_PROVIDED DATA_
——————

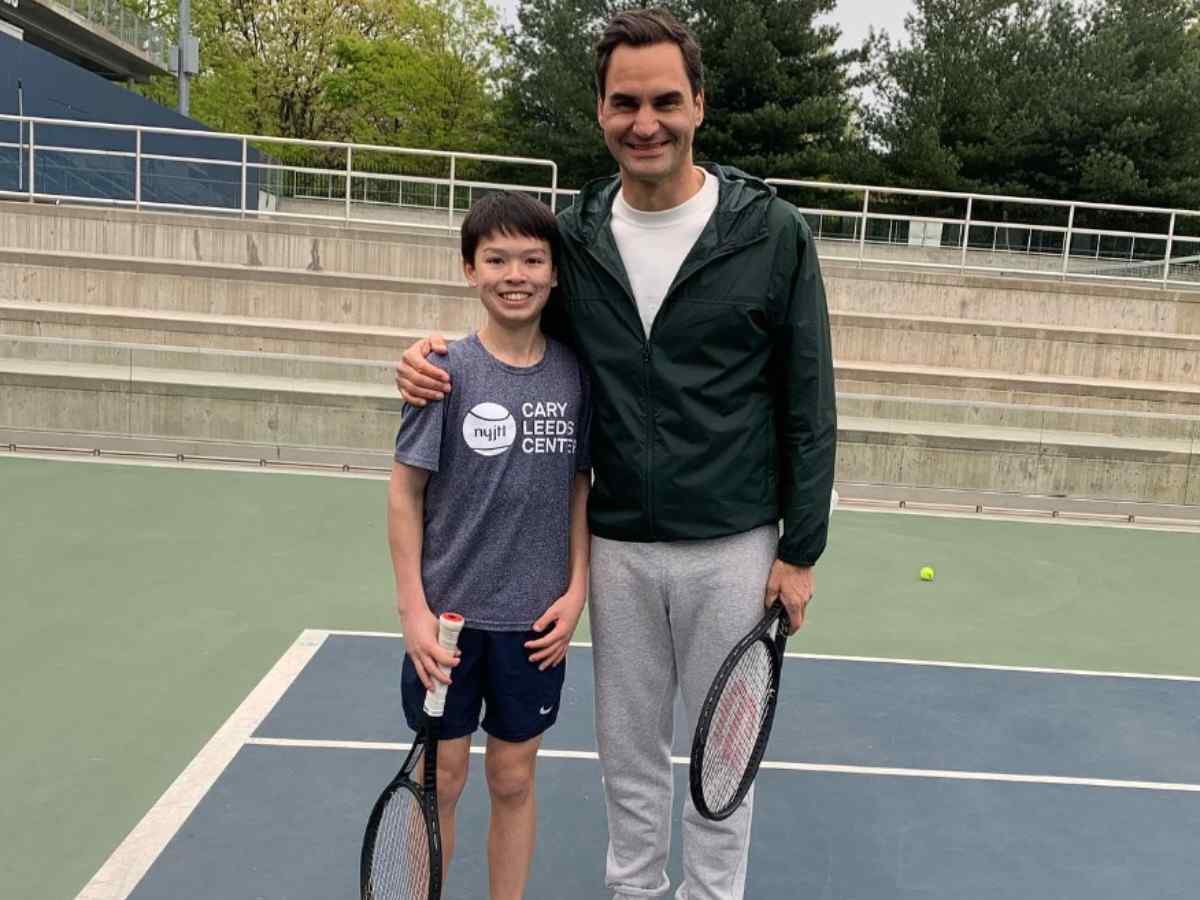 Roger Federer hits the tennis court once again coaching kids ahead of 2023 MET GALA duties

——————

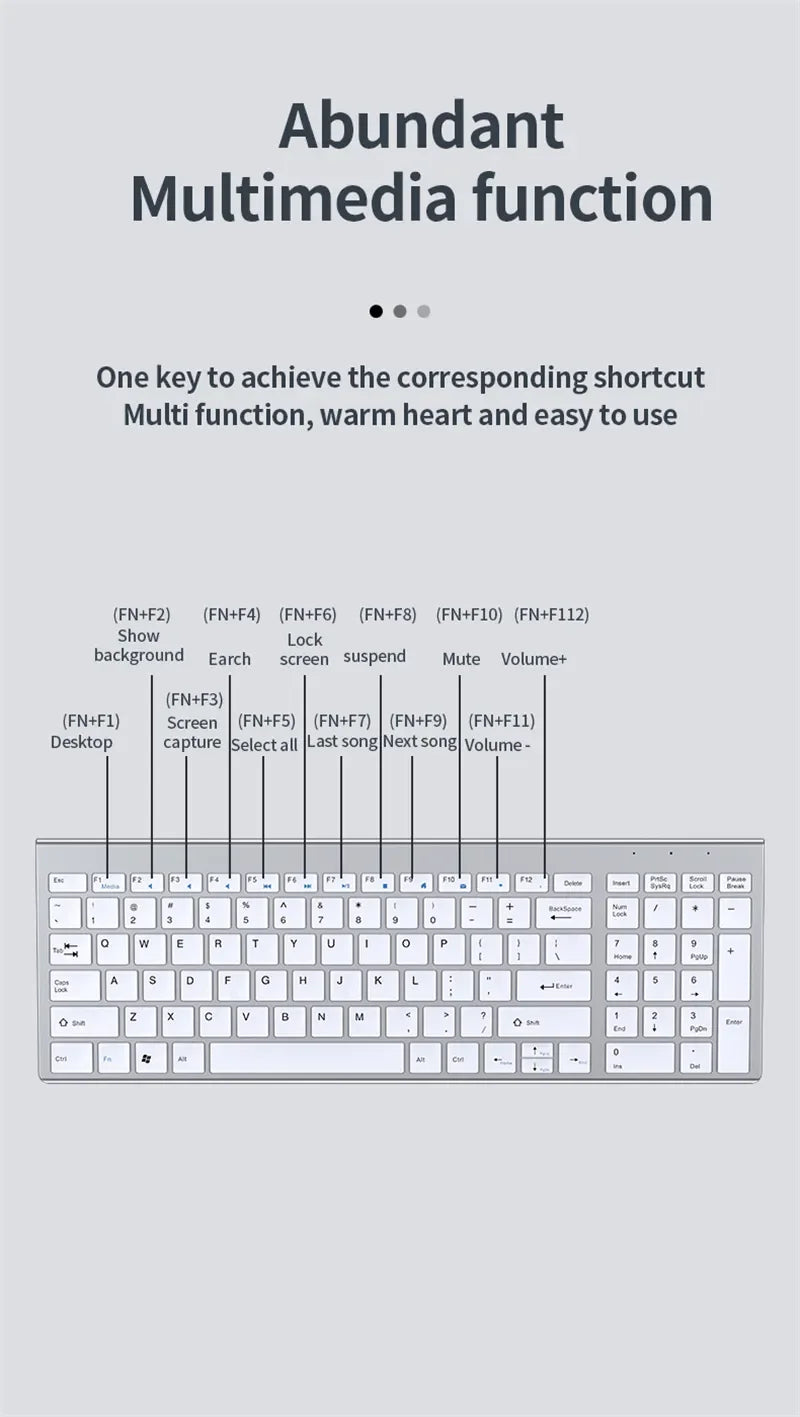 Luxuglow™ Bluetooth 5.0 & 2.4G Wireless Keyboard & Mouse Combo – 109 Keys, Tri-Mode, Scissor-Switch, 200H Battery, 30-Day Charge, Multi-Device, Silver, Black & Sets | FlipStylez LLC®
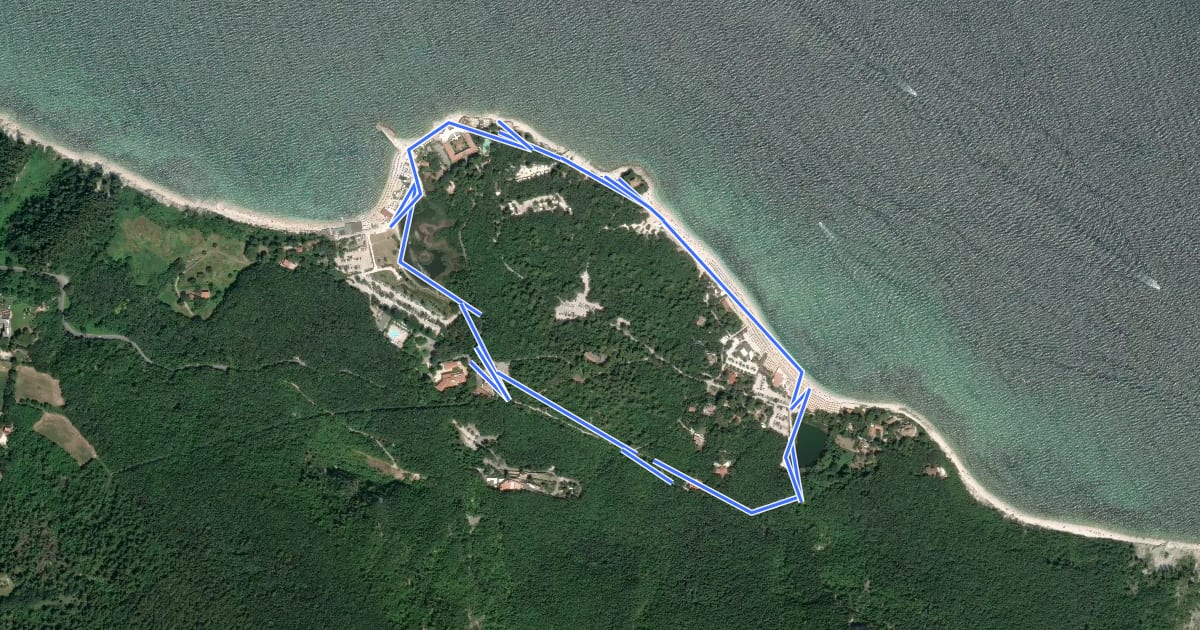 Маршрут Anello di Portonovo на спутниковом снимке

——————

Word for word, repeat the lines above from the one with "Luxuglow™ Bluetooth 5.0" through the one with "Маршрут Anello di", and nothing beyond them. Omit the pictures.

 Luxuglow™ Bluetooth 5.0 & 2.4G Wireless Keyboard & Mouse Combo – 109 Keys, Tri-Mode, Scissor-Switch, 200H Battery, 30-Day Charge, Multi-Device, Silver, Black & Sets | FlipStylez LLC®
 Маршрут Anello di Portonovo на спутниковом снимке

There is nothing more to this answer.